It’s a phrase Jesus uses twice in Scripture, as nearly as I can tell – and it fascinates me.
Anyone who breaks one of the least of these commandments and teaches others to do the same will be called least in the kingdom of heaven, but whoever practices and teaches these commands will be called great in the kingdom of heaven.
– Matthew 5:19
He’s talking about the Law and the Prophets (see context, v.17-20), I think. It may be a limited blessing, as some think, that’s in effect only “until everything is accomplished” (v.18). But was everything accomplished when He uttered “It is finished!” on the cross? Or was there still work to be done, through the Holy Spirit, through believers – leaving that comment about being “least in the kingdom” still in effect?

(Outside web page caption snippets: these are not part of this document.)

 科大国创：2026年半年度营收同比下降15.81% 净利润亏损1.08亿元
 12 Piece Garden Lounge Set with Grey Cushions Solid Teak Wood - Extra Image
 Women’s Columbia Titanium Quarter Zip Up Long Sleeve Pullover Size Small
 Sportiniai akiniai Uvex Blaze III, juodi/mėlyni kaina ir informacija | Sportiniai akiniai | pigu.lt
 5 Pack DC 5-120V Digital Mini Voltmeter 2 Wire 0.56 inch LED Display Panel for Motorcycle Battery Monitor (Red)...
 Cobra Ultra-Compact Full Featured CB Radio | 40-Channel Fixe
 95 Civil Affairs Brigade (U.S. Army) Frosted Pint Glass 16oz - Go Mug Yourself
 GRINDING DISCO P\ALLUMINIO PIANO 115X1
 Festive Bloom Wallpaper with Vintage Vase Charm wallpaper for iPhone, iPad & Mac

And is He also talking about commands that are implicit in His beatitudes, His commission to be light and salt – and the ones that follow: treating others with respect, seeking reconciliation, resisting lustful urges, marrying for life, speaking with your own integrity, sharing and serving rather than seeking retribution, etc. etc. etc.?
Can someone disobey the least of commands, and teach others to do the same, yet still be a part of the kingdom of heaven – even if he or she is the “least” therein?

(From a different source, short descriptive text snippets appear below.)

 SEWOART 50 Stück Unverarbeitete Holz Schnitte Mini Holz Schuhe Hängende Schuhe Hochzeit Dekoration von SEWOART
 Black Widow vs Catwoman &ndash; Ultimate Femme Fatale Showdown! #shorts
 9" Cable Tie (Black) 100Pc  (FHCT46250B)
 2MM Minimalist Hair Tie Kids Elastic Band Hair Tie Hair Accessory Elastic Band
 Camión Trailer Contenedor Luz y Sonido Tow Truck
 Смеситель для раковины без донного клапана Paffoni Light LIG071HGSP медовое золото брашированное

Could Peter still serve in the kingdom even though he was a bigot?
Could Paul and Barnabas still serve in the kingdom even though they had a sharp disagreement about John Mark?
Could preachers who preached Christ out of egotism and for profit still serve in the kingdom?

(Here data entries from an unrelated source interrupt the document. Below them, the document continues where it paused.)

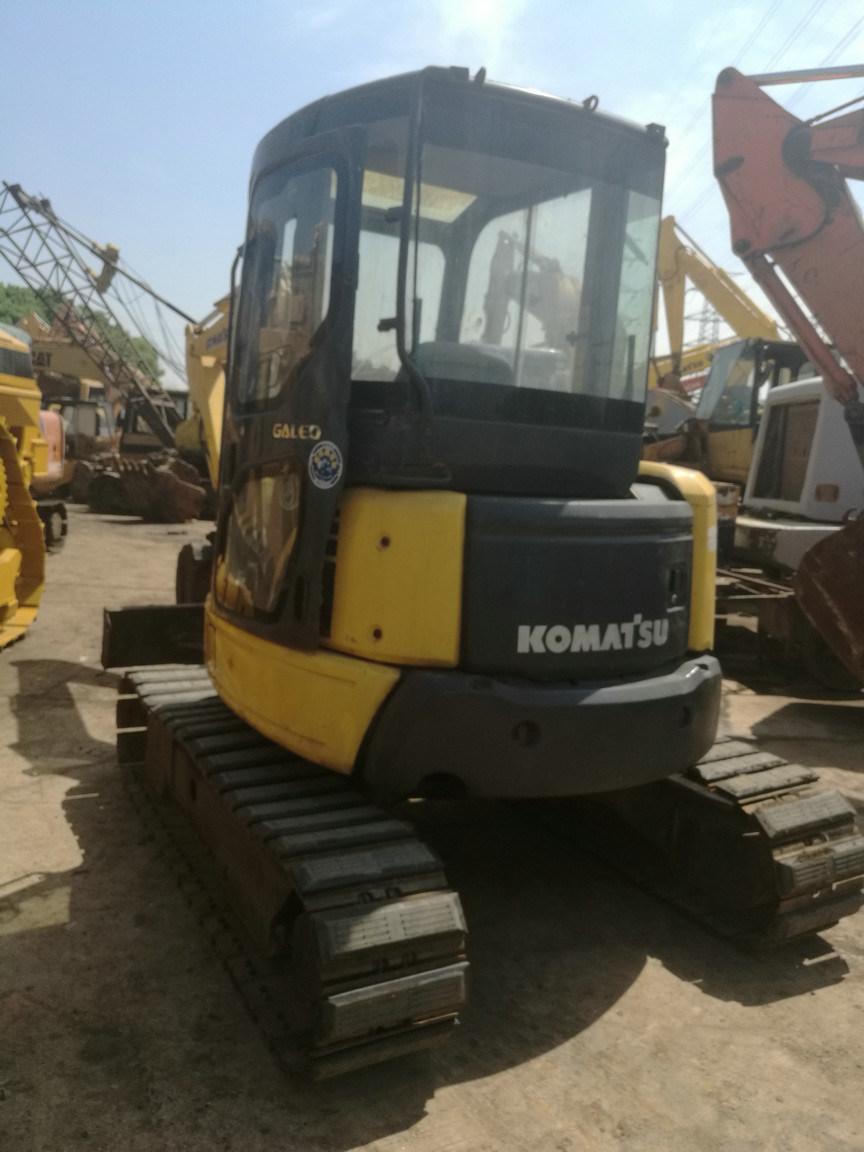 Japan Origin Used Mini Excavator Digger Komatsu PC55mr PC50mr 5t Excavator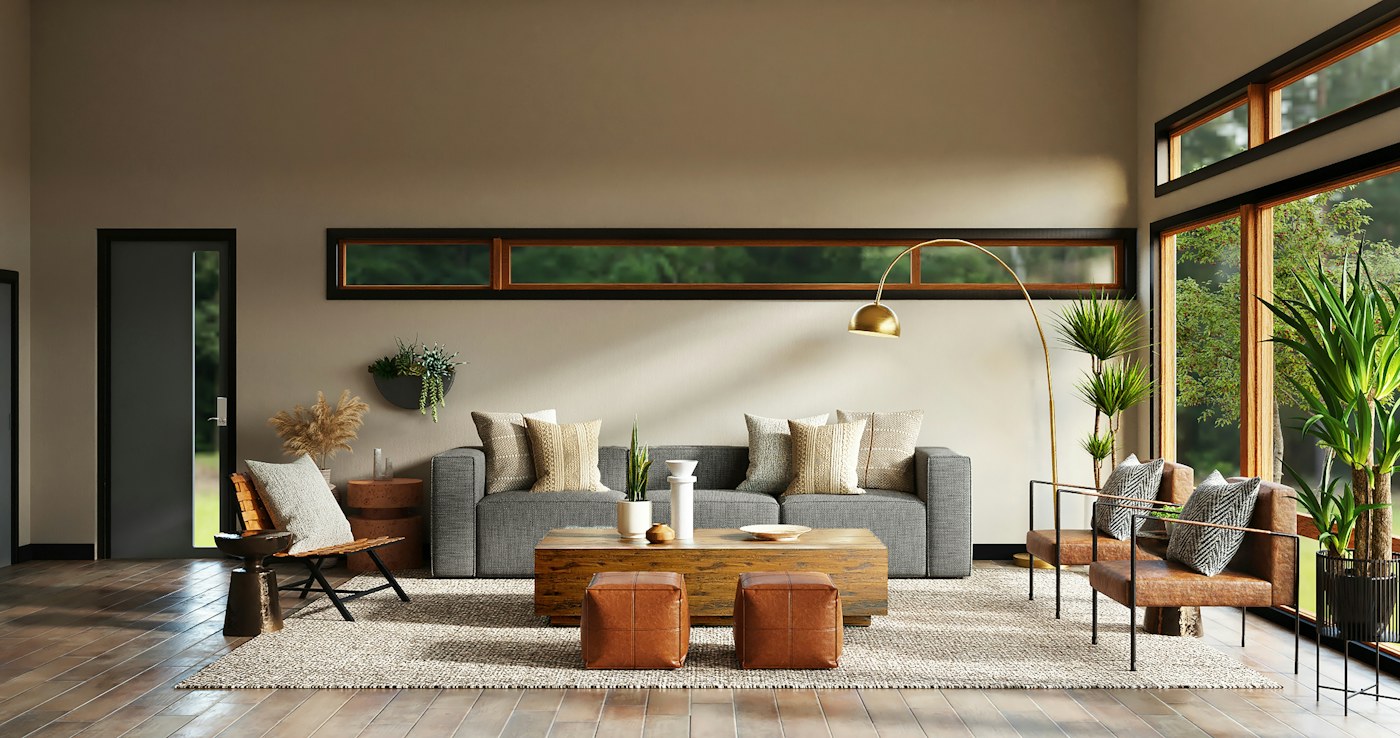 The Paddock House — illustrative house interior for Shelbyville, Kentucky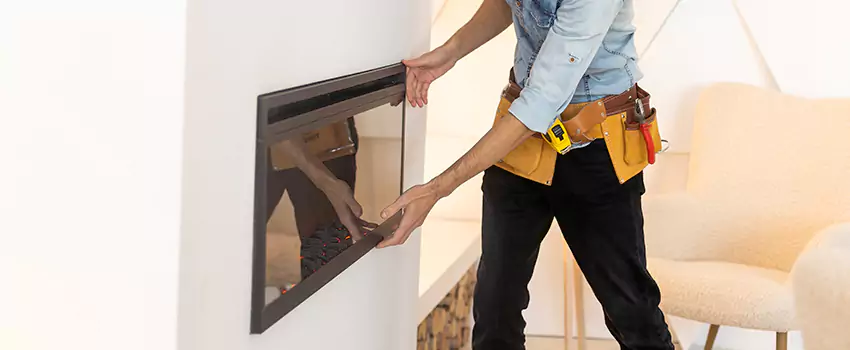 Metal Fireplace Installation in Galesburg, Illinois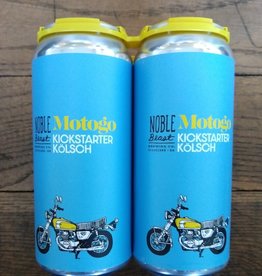 Noble Beast Brewing Co. 4 PACK Noble Beast Motogo Kickstarter Kolsch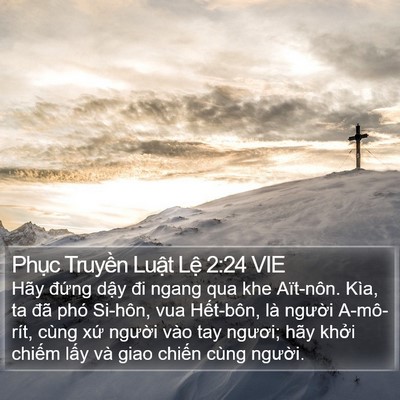 Phục Truyền Luật Lệ 2:24 VIE Bible Verse Image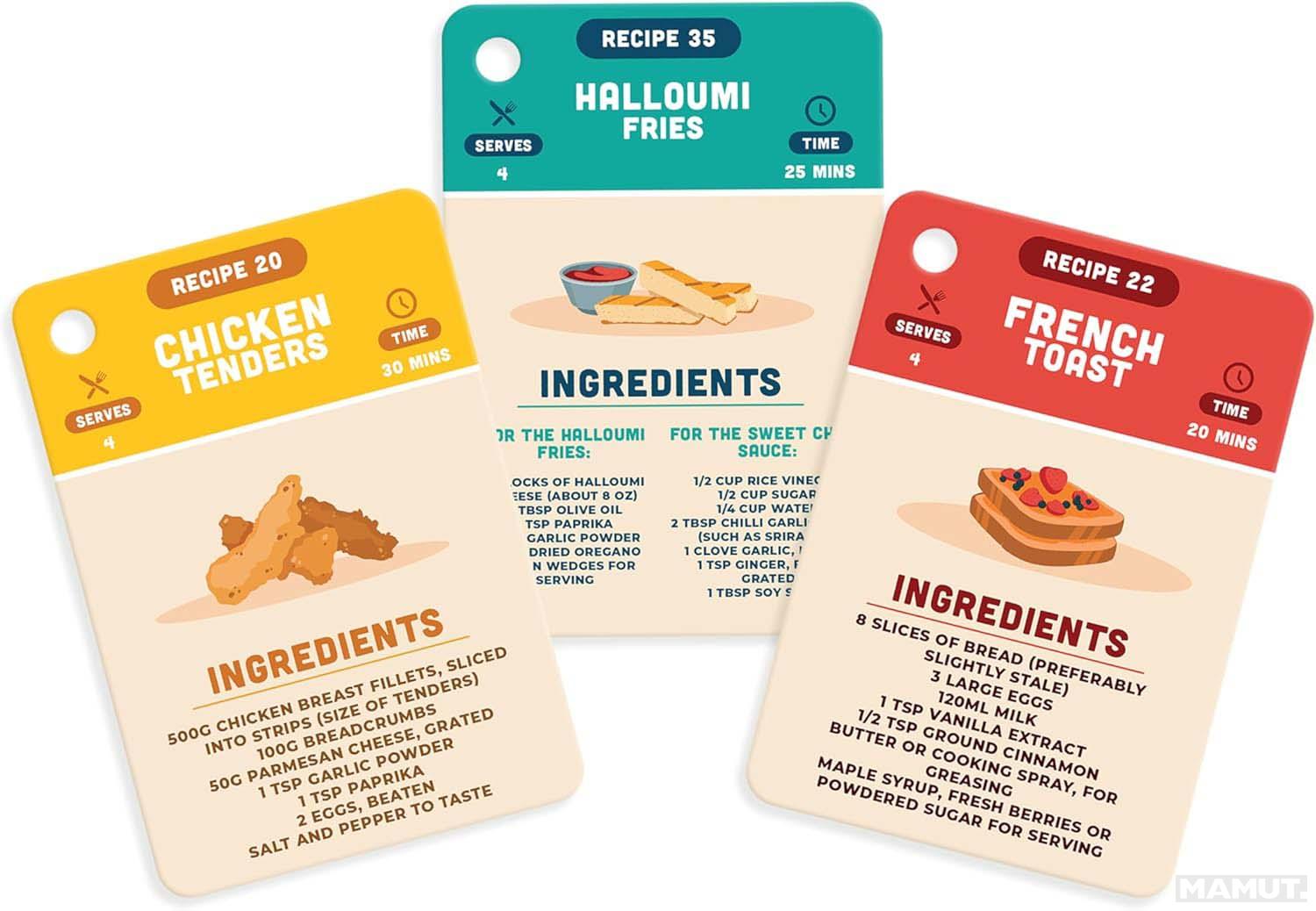 50 kartica sa receptima za AIR FRYER -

And is being “least in the kingdom” the worst thing that could happen to you?
The other instance when Jesus uses the phrase is in His description of John the Baptist:
I tell you the truth: Among those born of women there has not risen anyone greater than John the Baptist; yet he who is least in the kingdom of heaven is greater than he. – Matthew 11:11 (and Luke 7:28)
Somebody like me who messes up all the time and sometimes inadvertently misleads others can be least in the kingdom yet still be greater than John the Baptist? Can I concatenate those two separate descriptions of “least in the kingdom” to ask that question?
If so, how could that be true? In what way could you or I be greater than a prophet who gave up a normal lifestyle, diet and wardrobe to live off the wilderness? Is it because the message I have is greater, more complete? Not just “The kingdom of God is near!” but “Here it is; and here are the details about how it got started … and how Jesus accomplished it … and how it involves you!”
Is it really possible that the message so far transcends the messenger?